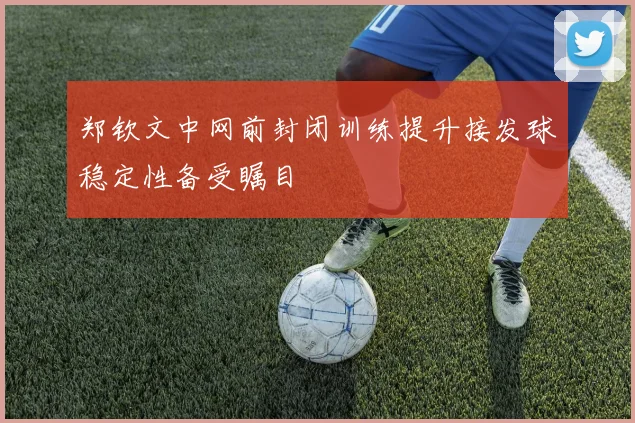 郑钦文中网前封闭训练提升接发球稳定性备受瞩目
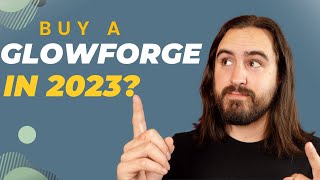 Should you buy a Glowforge in 2023? 2 year Glowforge review.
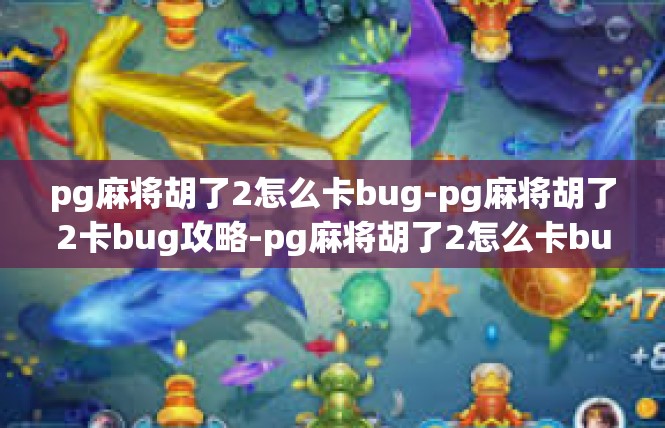 pg麻将胡了2怎么卡bug-pg麻将胡了2卡bug攻略-pg麻将胡了2怎么卡bug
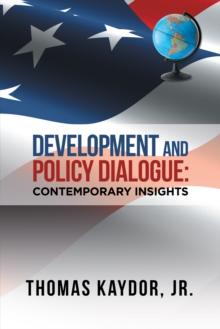 Development and Policy Dialogue: Contemporary Insights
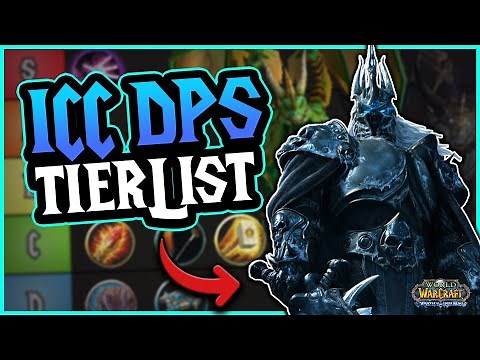 The Ultimate Wotlk Phase 4 DPS TIER LIST Revealed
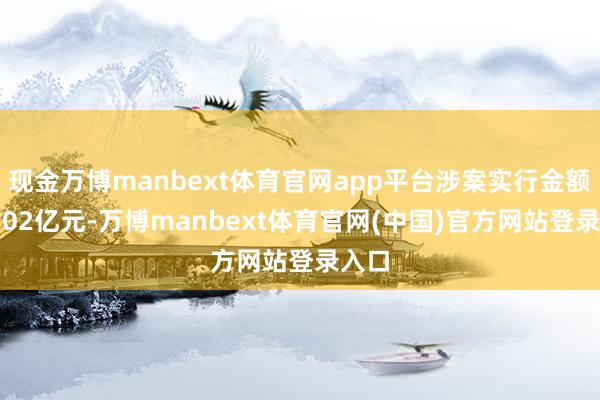 现金万博manbext体育官网app平台涉案实行金额达1.02亿元-万博manbext体育官网(中国)官方网站登录入口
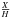 \hbox{$\frac{X}{H}$}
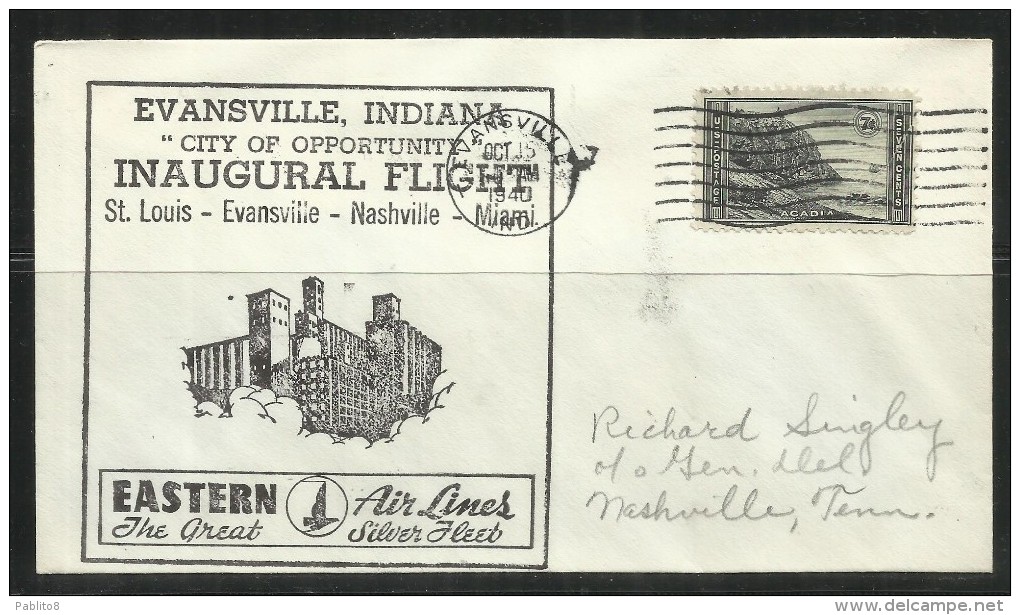 UNITED STATES STATI USA 15 OCT 1940 INDIANA ST. LOUIS EVANSVILLE NASHVILLE MIAMI EASTERN AIR LINES FIRST FLIGHT FDC - 1851-1940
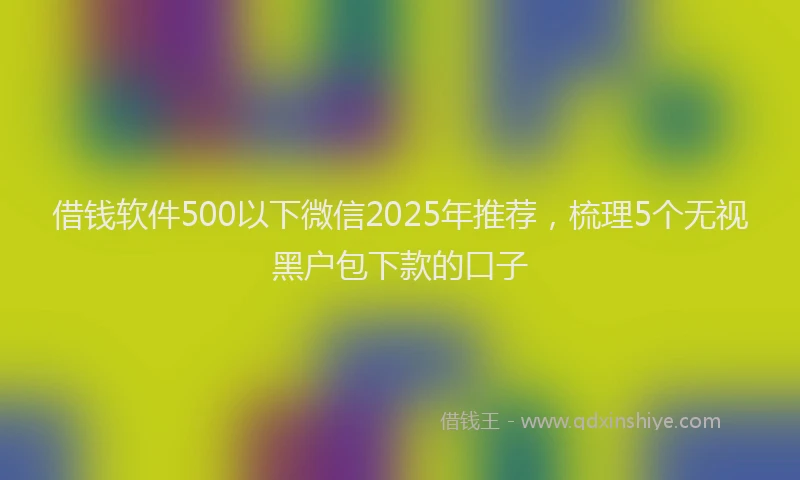 借钱软件500以下微信2025年推荐，梳理5个无视黑户包下款的口子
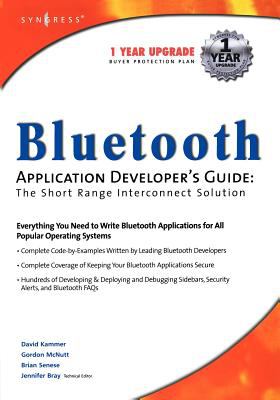 Bluetooth : Application Developer's Guide - The Short Range Interconnect Solution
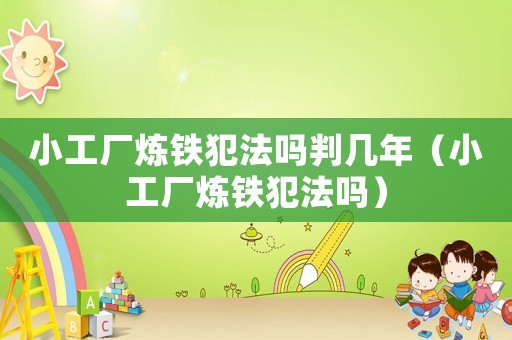 小工廠煉鐵犯法嗎判幾年（小工廠煉鐵犯法嗎）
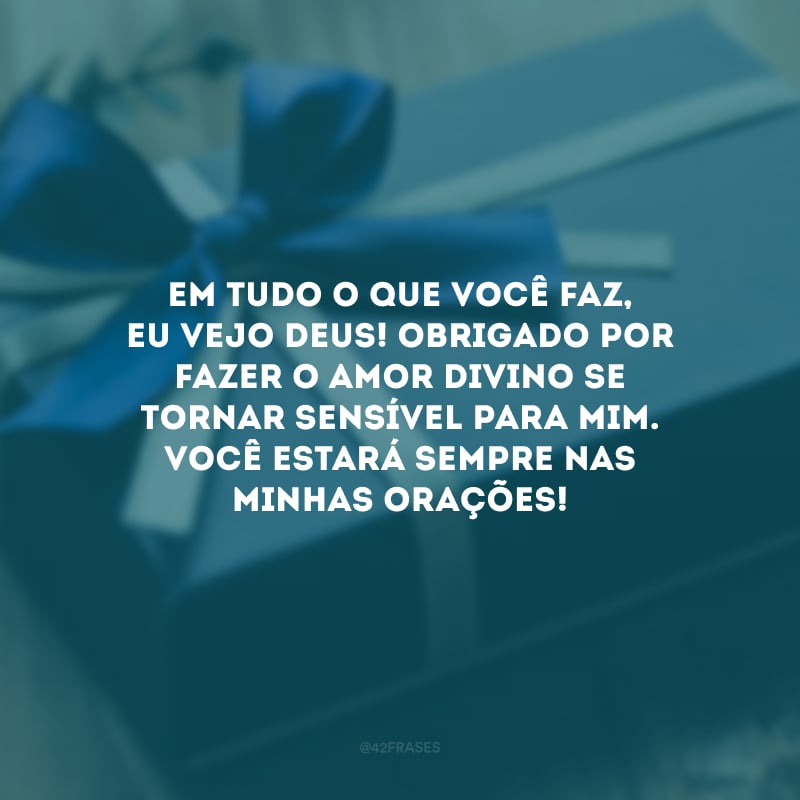 Em tudo o que você faz, eu vejo Deus! Obrigado por fazer o amor divino se tornar sensível para mim. Você estará sempre nas minhas orações!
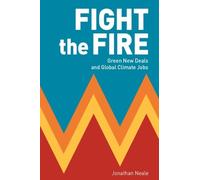 Jonathan Neale Fight the Fire (Tascabile)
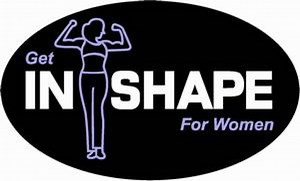 Get In Shape For Women: A New Approach to Health and Fitness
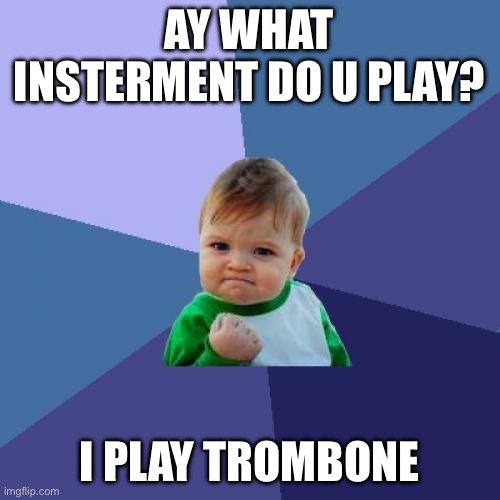 Trombone | AY WHAT INSTERMENT DO U PLAY? I PLAY TROMBONE | image tagged in memes,success kid,trombone | made w/ Imgflip meme maker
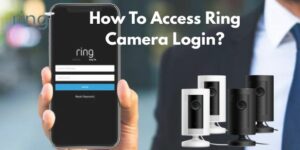How To Access Ring Camera Login?: Step-By-Step Guide.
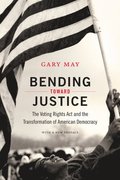 Bending Toward Justice
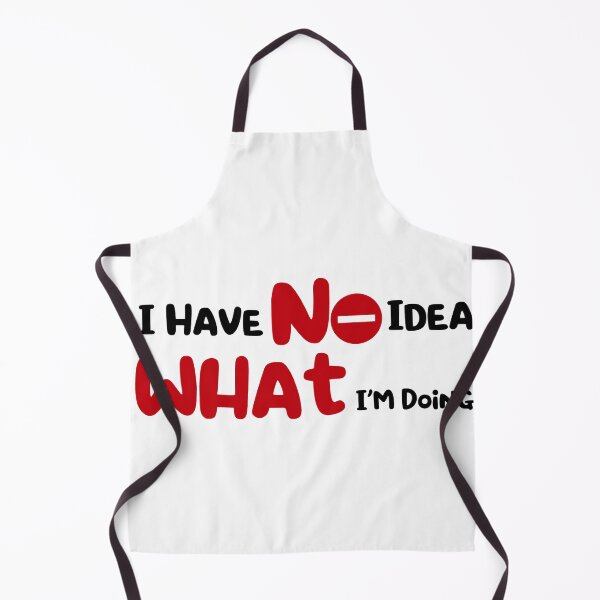 Item preview, I Have No Idea What I M Doing Essential designed and sold by kasunspot.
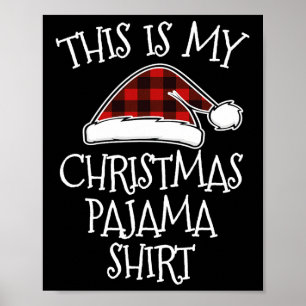 Dit is mijn kerstpajama Xmas Buffalo Red Pset Poster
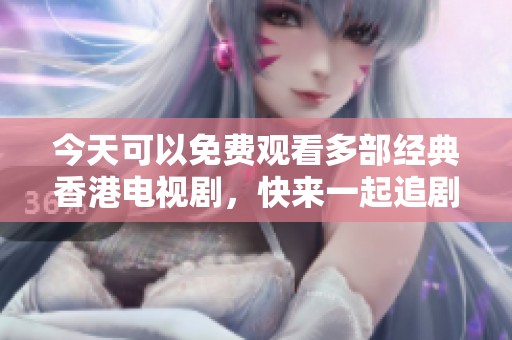 今天可以免费观看多部经典香港电视剧，快来一起追剧吧！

____

### Work request
Leaving out every picture, repeat exactly the lines of the records from the start through the line that has "借钱软件500以下微信2025年推荐，梳理5个无视黑户包下款的口子".

### Task answer
 郑钦文中网前封闭训练提升接发球稳定性备受瞩目
 Should you buy a Glowforge in 2023? 2 year Glowforge review.
 pg麻将胡了2怎么卡bug-pg麻将胡了2卡bug攻略-pg麻将胡了2怎么卡bug
 Development and Policy Dialogue: Contemporary Insights
 The Ultimate Wotlk Phase 4 DPS TIER LIST Revealed
 现金万博manbext体育官网app平台涉案实行金额达1.02亿元-万博manbext体育官网(中国)官方网站登录入口
 \hbox{$\frac{X}{H}$}
 UNITED STATES STATI USA 15 OCT 1940 INDIANA ST. LOUIS EVANSVILLE NASHVILLE MIAMI EASTERN AIR LINES FIRST FLIGHT FDC - 1851-1940
 借钱软件500以下微信2025年推荐，梳理5个无视黑户包下款的口子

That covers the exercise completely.